Andrew: As far as where the community is now, we don’t have good numbers. Since October 2006, there is no authoritative dump of Wikipedia anymore – it takes more than a month to do a monthly dump. This leaves Wikipedia vulnerable – and you also can no longer do statistical analysis.
David: We should each download one page!
Question: Can you talk about Larry Sanger?
Andrew: Sanger has an odd role – he did set up most of the basic rules of Wikipedia – but over time also encouraged Wikipedia to be more elitist over time – and some started seeing him as a pariah, as the anti-Wikipedian. Citizendium is supposed to be Wikipedia done right – with a layer of expertise but still largely open. His main criterion seems to be maintainability. He thinks a lot of what is going on in Wikipedia is just bs – trying to turn vandals into productive members – he is saying, cut that out, work with experts who can cut through the junk. We’ll see what history will say about that.
(Question about the vote on license migration – got lost in the details)
David: Wikipedia experienced exponential growth – but what got us there may not be the right set of tools to move ahead.
Andrew: That’s why flagged is inevitable – not to grow further, but to maintain quality.
Question: How did the power structure evolve?

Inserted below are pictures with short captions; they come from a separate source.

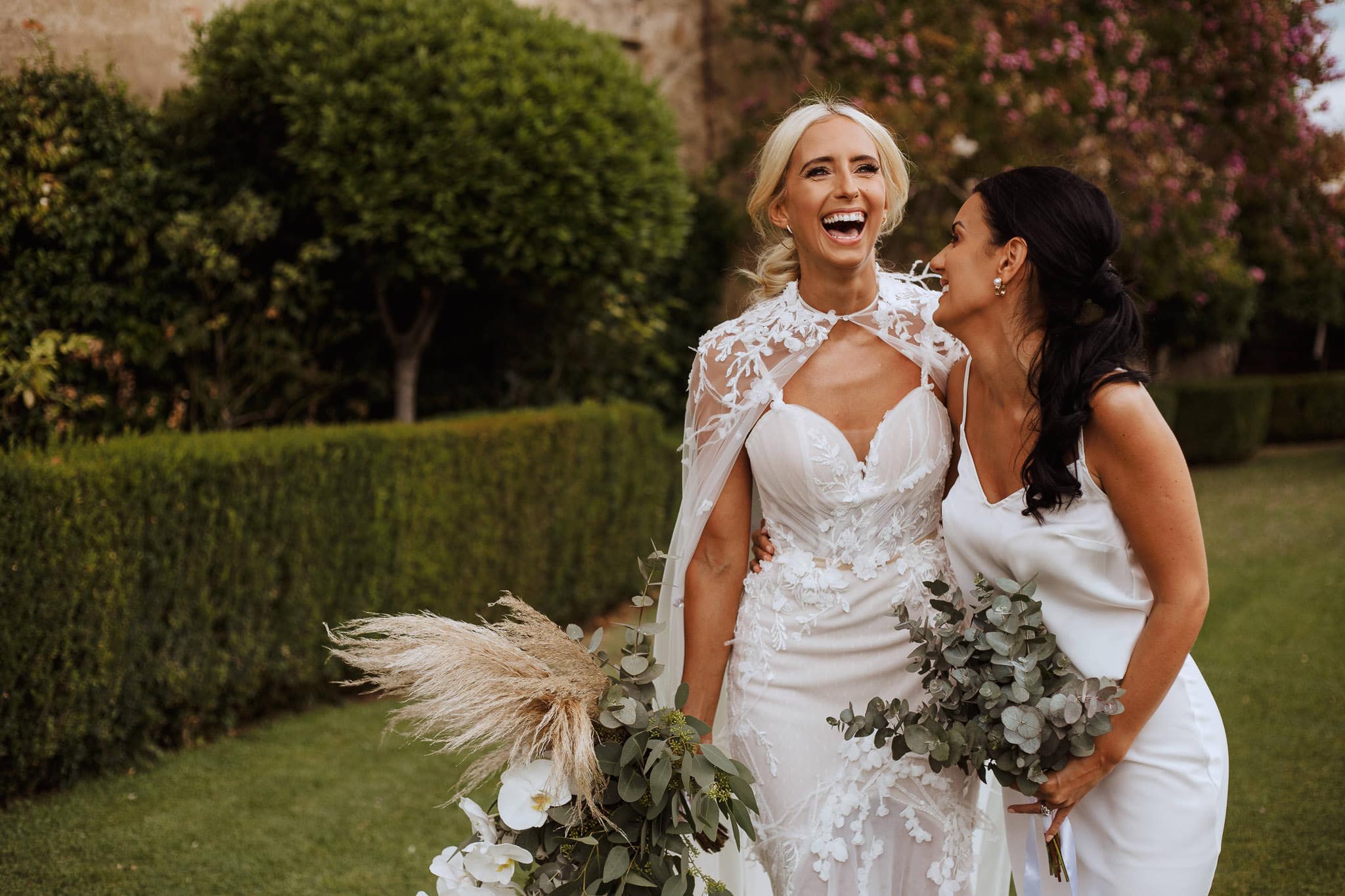 bride laughing with her bridesmaid 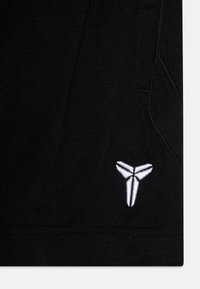 Schwarzer Sportstoff mit strukturierten Oberflächen, verziert mit einem weißen, gestickten Logo, das einer stilisierten dreizackigen Form ähnelt.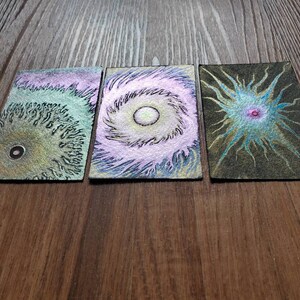 May include: Three small, rectangular cards with abstract, colorful, swirling designs. Each card has a central circle with a different color and pattern.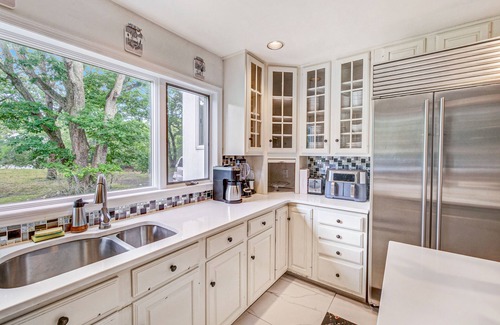 Hampton Bays House | Sprawling sun-lit home with private heated pool, arcade, air hockey, & grill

Andrew: The number of privileged positions have grown but tend to be technical rather than editorial oversight. As an admin – you can block users – but only in narrow situations. You can lock articles – but only temporary – for combating vandalism. Promotion is community decision, there are no hard metrics. Things considered include the number of edits, activities you engage in, social capital – these are all intentionally left vague – the decision is made on an interaction human human basis – it’s not like there is an eBay rating or Amazon ranking.
Question: Why are there different forks and how do they exist – is there a possibility to have one global Wikipedia instead of all these divides?
Andrew: You’re right that it is too easy to see the 2.8 million English entries as the super set from which other Wikipedia languages should be translated from. This set is missing lots of things on Chinese arts, history – things the Chinese Wikipedia has. But the problem is, you need bilingual folks, tools to discover which article is good in one language and has a bad counterpart in another ..
Question: Will the WikiMedia foundation do this?
Andrew: They are a great engine to raise funds.